Back to Skills
    🦞

    hn-extract

    Extract a HackerNews post (article + comments) into single clean

    By @guoqiao
    View on GitHub
    SKILL.md
    ---
    name: hn-extract
    description: Extract a HackerNews post (article + comments) into single clean Markdown for quick reading or LLM input.
    metadata:  {"openclaw":{"always":true,"emoji":"🦞","homepage":"https://github.com/guoqiao/skills/blob/main/hn-extract/hn-extract/SKILL.md","os":["darwin","linux","win32"],"tags":["hn","hackernews","comments","extract","markdown","python","uv","scraper","rss","reader","summarize"],"requires":{"bins":["uv"]}}}
    ---
    
    # HackerNews Extract
    
    Extract a HackerNews post (article + comments) into single clean Markdown for quick reading or LLM input.
    
    see [Examples](https://github.com/guoqiao/skills/blob/main/hn-extract/examples)
    
    ## What it does
    - Accepts an HackerNews id or url
    - Download the linked article HTML, cleans and formats it.

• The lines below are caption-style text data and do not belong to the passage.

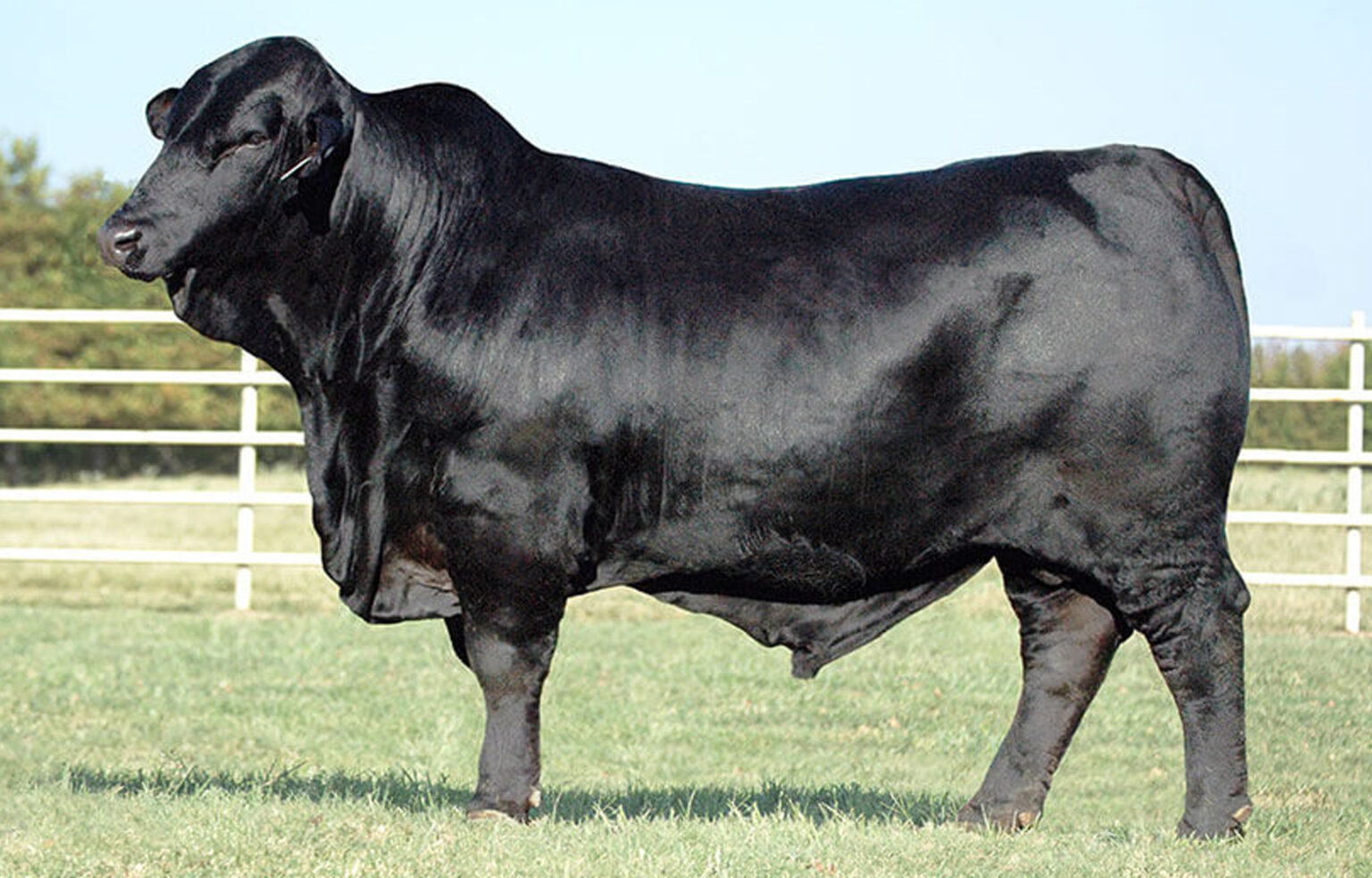 Brangus Cattle for Sale | GENETRUST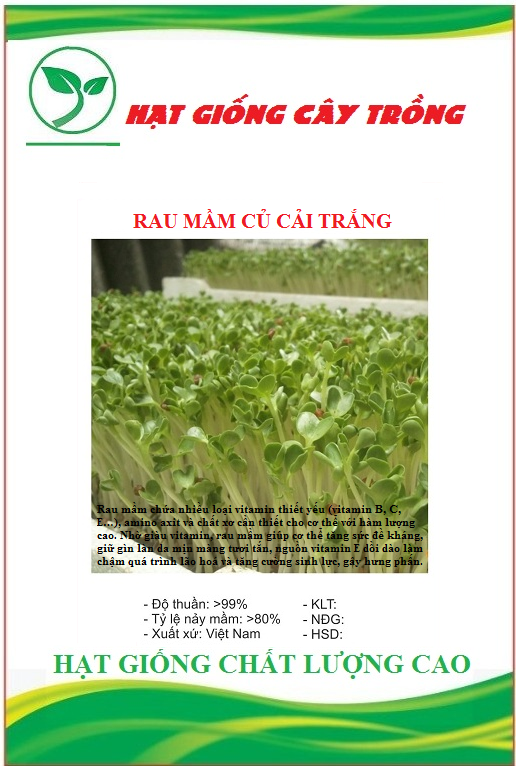 Hạt Giống Rau Mầm Củ Cải Trắng - Gói 20gram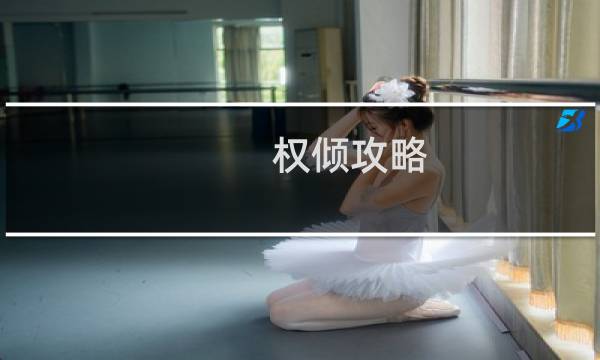 權(quán)傾攻略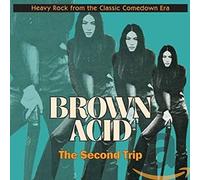 Various Artists - Brown Acid: Second Trip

    - Fetches the Hacknews post metadata and comments.
    - Outputs a readable combined markdown file with original article, threaded comments, and key metadata.
    
    ## Requirements
    
    - `uv` installed and in PATH.
    
    ## Install
    
    No install beyond having `uv`.
    Dependencies will be installed automatically by `uv` into to a dedicated venv when run this script.
    
    ## Usage Workflow (Mandatory for Agents)
    
    When an agent is asked to extract a HackerNews post:
    1.  **Run the script** with an output path: `uv run --script ${baseDir}/hn-extract.py <input> -o /tmp/hn-<id>.md`.

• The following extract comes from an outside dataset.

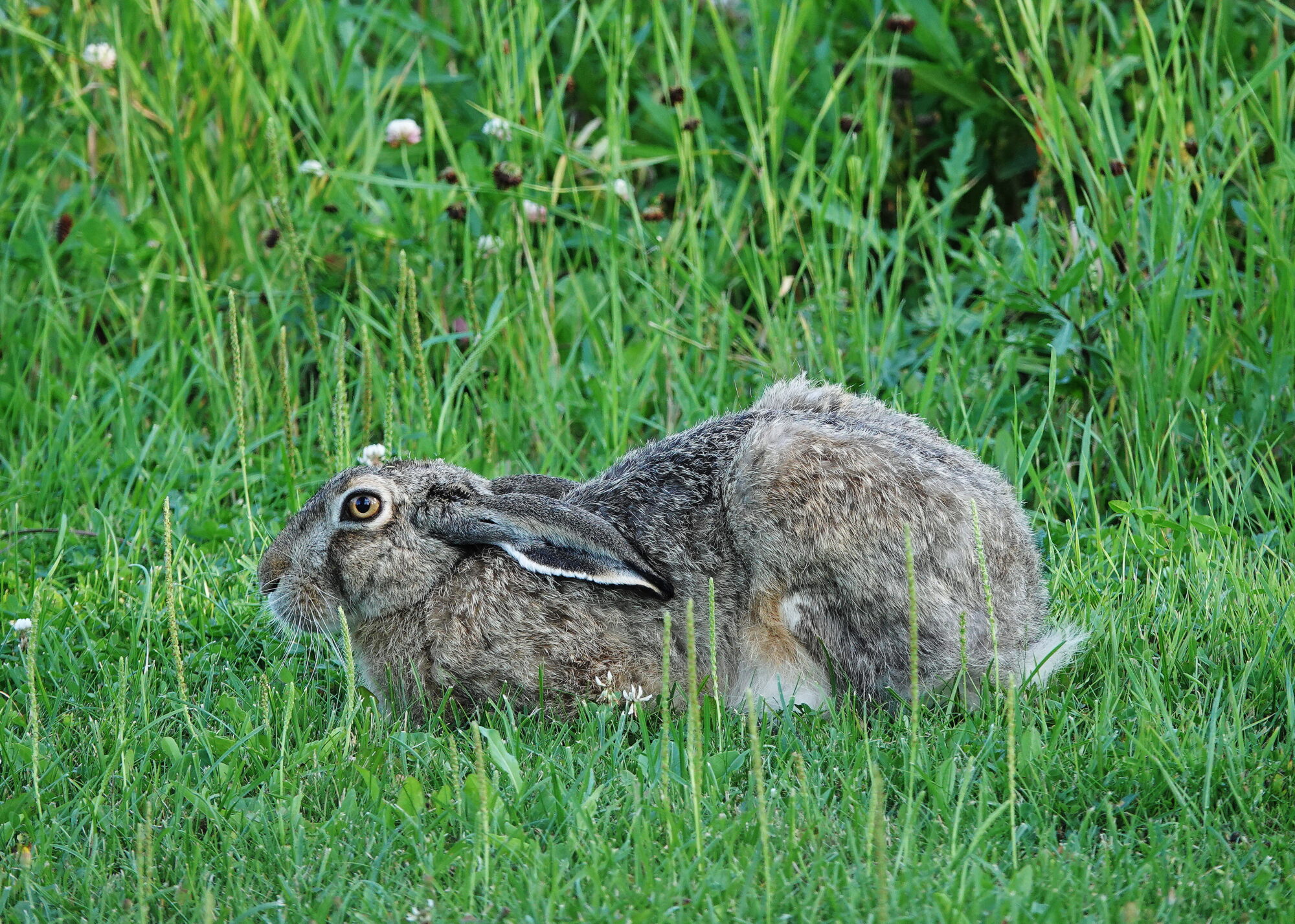 Valokuvaaja: Raija Oksanen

    2.  **Send ONE combined message:** Upload the file and ask the question in the *same* tool call. Use the `message` tool (`action=send`, `filePath="/tmp/hn-<id>.md"`, `message="Extraction complete. Do you want me to summarize it?"`).
    3.  **Do not** output the full text or a summary directly in the chat unless specifically requested.
    
    ## Usage
    
    ```bash
    # run as uv script
    uv run --script ${baseDir}/hn-extract.py <hn-id|hn-url|path/to/item.json> [-o path/to/output.md]
    
    # Examples
    uv run --script ${baseDir}/hn-extract.py 46861313 -o /tmp/output.md
    uv run --script ${baseDir}/hn-extract.py "https://news.ycombinator.com/item?id=46861313"
    ```
    
    - Omit `-o` to print to stdout.
    - Directories for `-o` are created automatically.
    
    ## Notes
    - Retries are enabled for HTTP fetches.
    - Comments are indented by thread depth.
    - Sites requires authentication or blocks scraping may still fail.